Construction Crises: Preparing to Communicate

by T.J. Winick, Senior Vice President

Issues Management Group Senior Vice President T.J. Winick was recently the featured speaker at the monthly meeting of the Construction Safety Roundtable – Eastern Massachusetts, an initiative sponsored by the Occupational Safety and Health Administration (OSHA) and local construction companies to share best practices and improve construction safety.

The nature of the construction industry makes it one of the most susceptible to crises of all kinds, from the collapse of a structure or piece of equipment to an injured worker to a labor dispute. Therefore, it’s crucial for firms to have a plan when crisis strikes.
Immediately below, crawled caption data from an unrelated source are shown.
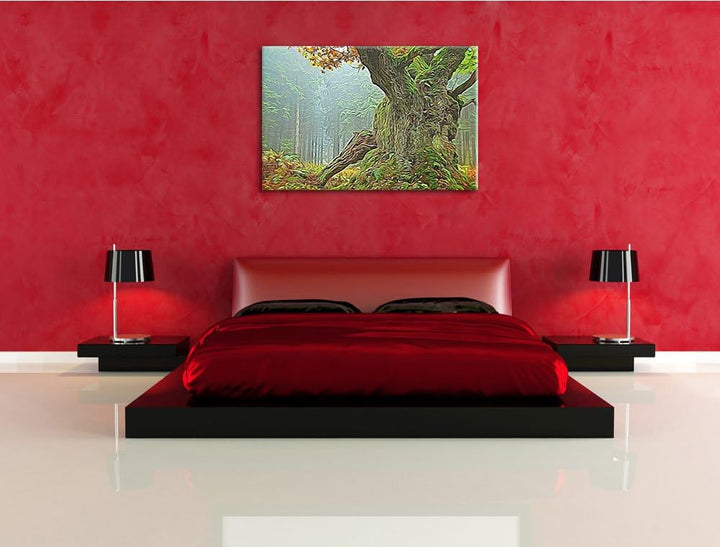 Dicker Baum im Wald im Moos Deluxe Format: 100x70 cm auf Leinwand, XXL riesige Bilder fertig gerahmt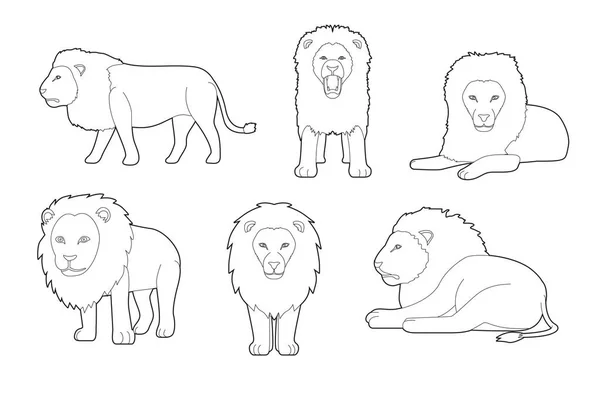 Lion Various Cartoon Vector Coloring Book — Stock Vector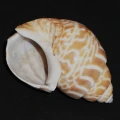 DSC09100.JPG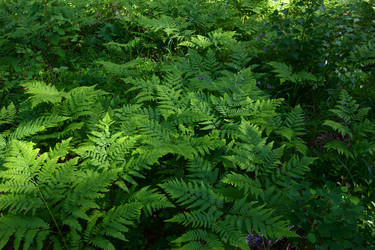 Similar image 201490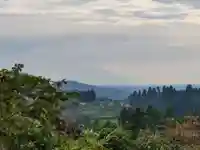 霧島神宮(鹿児島県)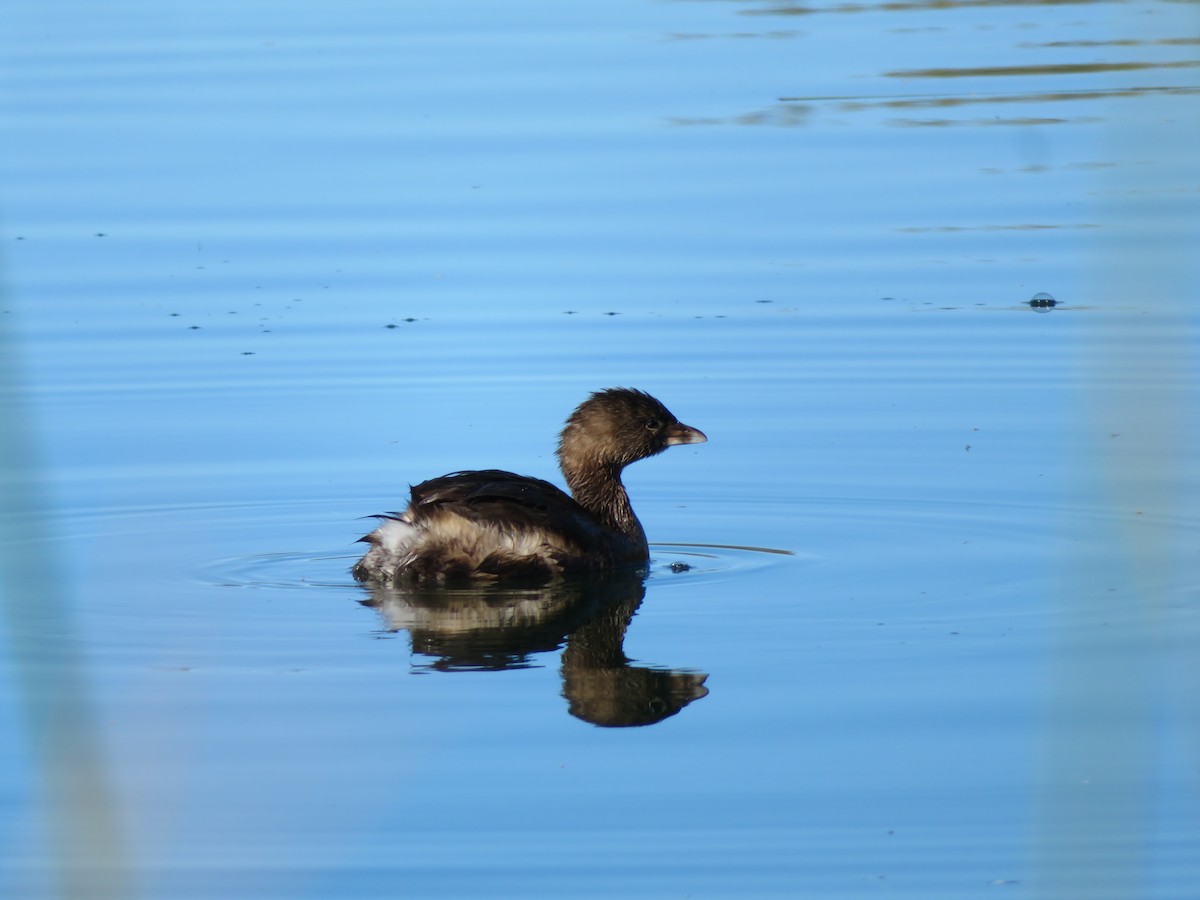Pied-billed Grebe - ML646712379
Without a plan, leadership is forced into action before having thought through the best course of action; without a plan, it makes it even harder to respond efficiently, effectively, and accurately.

The audiences that will want to hear from those involved in the event of a construction crises are many: clients, employees, regulators, government officials and, of course, the media.

The first step in crisis preparation is drafting a written plan. A structured plan puts policies and protocols in place, allowing an organization to disseminate accurate and consistent information to multiple stakeholders in a high pressure situation.

Here are 5 things construction companies should include in their crisis management plan:

A designated crisis response team (CRT).

It’s imperative that a company has a core team identified to manage the response. These individuals should each have clearly defined roles and responsibilities to cut down on confusion and chaos when a crisis occurs. In construction, there are usually CRT members both within the front office but also specific to the project, such as Field Superintendents. There should be both digital and hardcopies of a CRT contact list on employees’ computers and/or phones, and in their vehicles or trailers.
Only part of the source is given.